Pferd ist kein normales Nutztier
Thomas Hartwig von der Deutschen Reiterlichen Vereinigung ist ebenfalls skeptisch: "100 Klone eines Ausnahmepferdes wie Black Beauty würden wohl auch 100 Leistungsbilder zeigen." Das Pferd sei mit anderen Nutztieren kaum zu vergleichen. Der Einfluss des Menschen auf Dressur und Training sei viel größer.

Schaf Dolly war das weltweit erste geklonte Säugetier - und bis heute auch das berühmteste. Das Tier kam am 5. Juli 1996 zur Welt. Sein früher Tod im Februar dieses Jahres bestätigte die Befürchtungen mancher Genetiker, wonach geklonte Tiere meistens viel kränker sind als ihre Artgenossen.
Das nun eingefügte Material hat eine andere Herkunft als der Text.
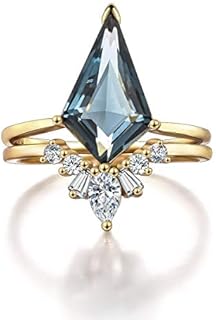 LAZLUVU Women Crystal Stackable Rings Set 3A Cubic Zirconia Eternity Engagement Blue Green Red Stone Ring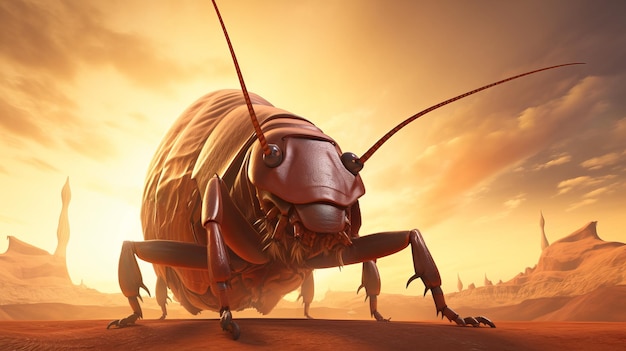 Monstrous Cockroach in a Dystopian Desert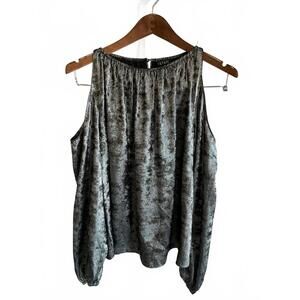 1.STATE Women's Sleeveless Silver Black Metalic Top, Open Shoulders Size L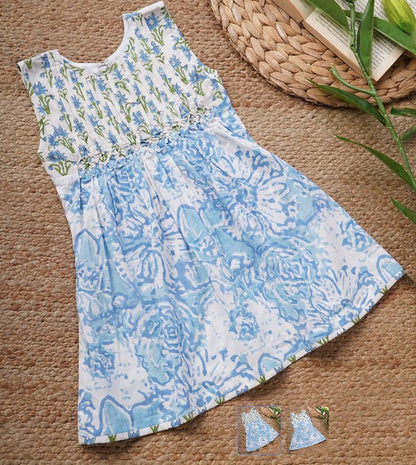 Blue Hand Block Printed Cotton Dress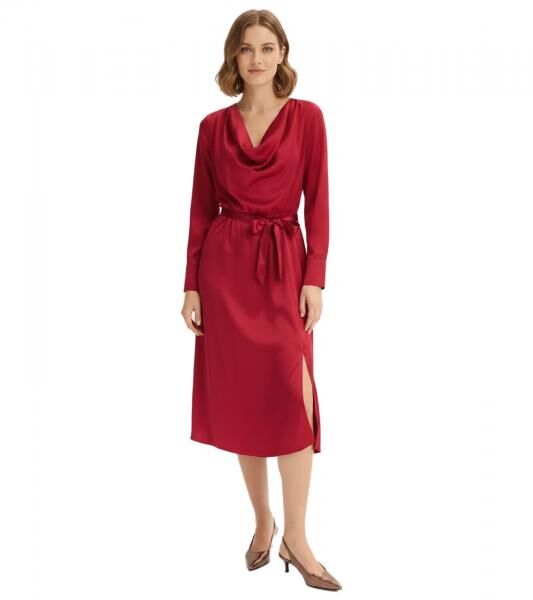 feminines Damen Midi-Kleid aus gl&auml;nzendem Satin Ausgeh-Kleid 957586 Rot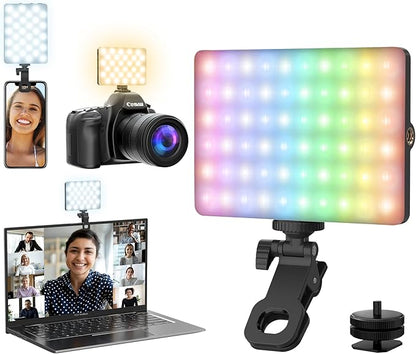 RGB Selfie Light for Phone - 90 LED 360° Full Color, CRI 95+ Dimmable 2500K-8500K, 3000mAh Video Light for iPhone iPad Laptop, Makeup, Vlog, TikTok, Video Conference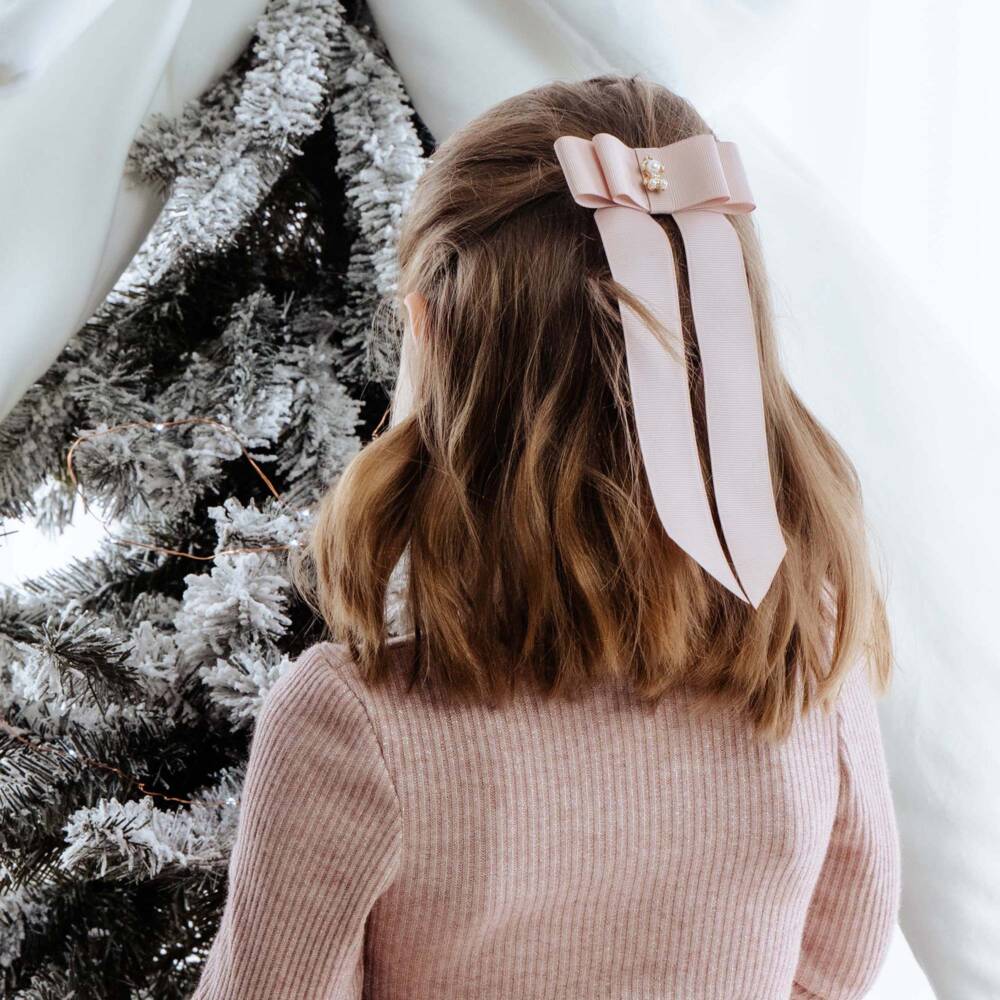 Jamiks-Girls Pink Ribbon Bow Hair Clip (9cm) | Childrensalon Outlet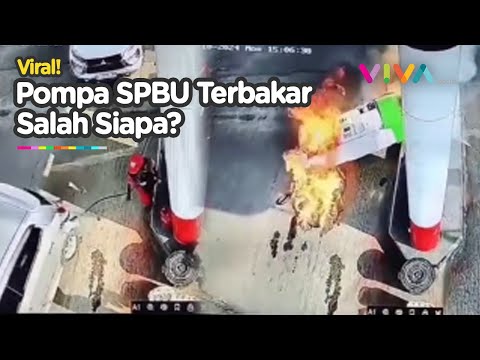 Ngeri! Detik-Detik Mesin Pengisian BBM Roboh hingga Terbakar Gegara Hal Ini..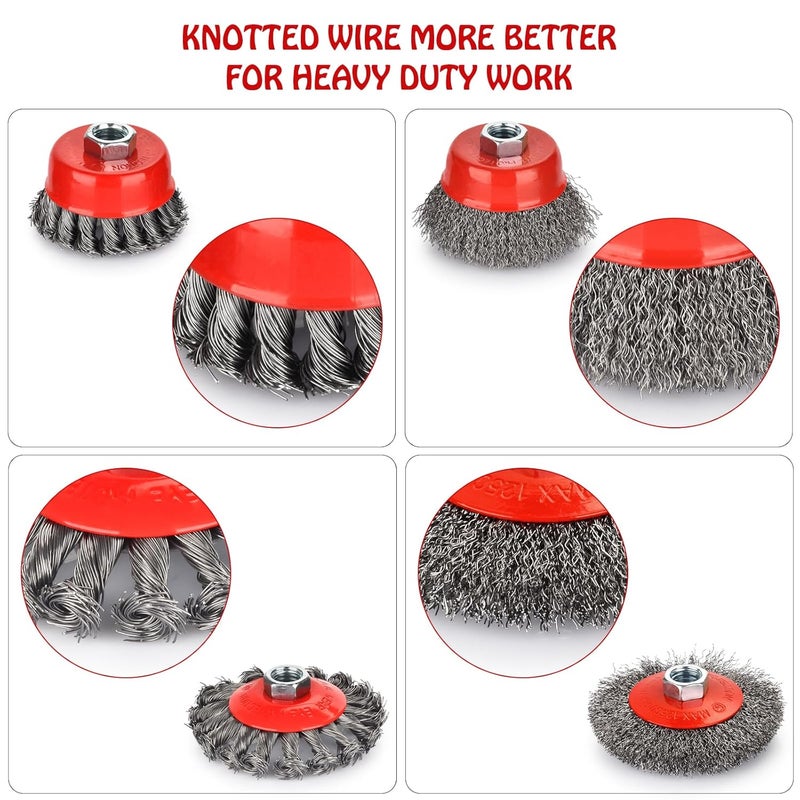 phntake Wire Wheel for Angle Grinder 12 Pack, Coarse Crimped Wire Wheel Brush Wire Cup Brush 4 1/2 Angle Grinder Wire Wheel, Angle Grinder Attachments with 5/8-11unc Threaded Arbor. - Image 5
Schwein Nach erfolgreichen Klonversuchen mit Maus, Rind und Ziege im Jahr 1998 gingen im März 2000 Bilder von fünf geklonten Schweinen um die Welt. Die schottischen Schöpfer der Nutztiere hatten sich schillernde Namen für die Ferkel ausgedacht: Millie, Christa, Alexis, Carrel und Dotcom.
Katze Im Jahr 2002 kamen die ersten Schmusehaustiere im Klub der Kopien an. Französische Forscher schufen ein Kaninchen. In den USA kam Copycat zur Welt, die erste geklonte Katze. Deren Schöpfer sprachen beim Anblick des gefleckten Tierchens vom Anfang der Kommerzialisierung des Klonens.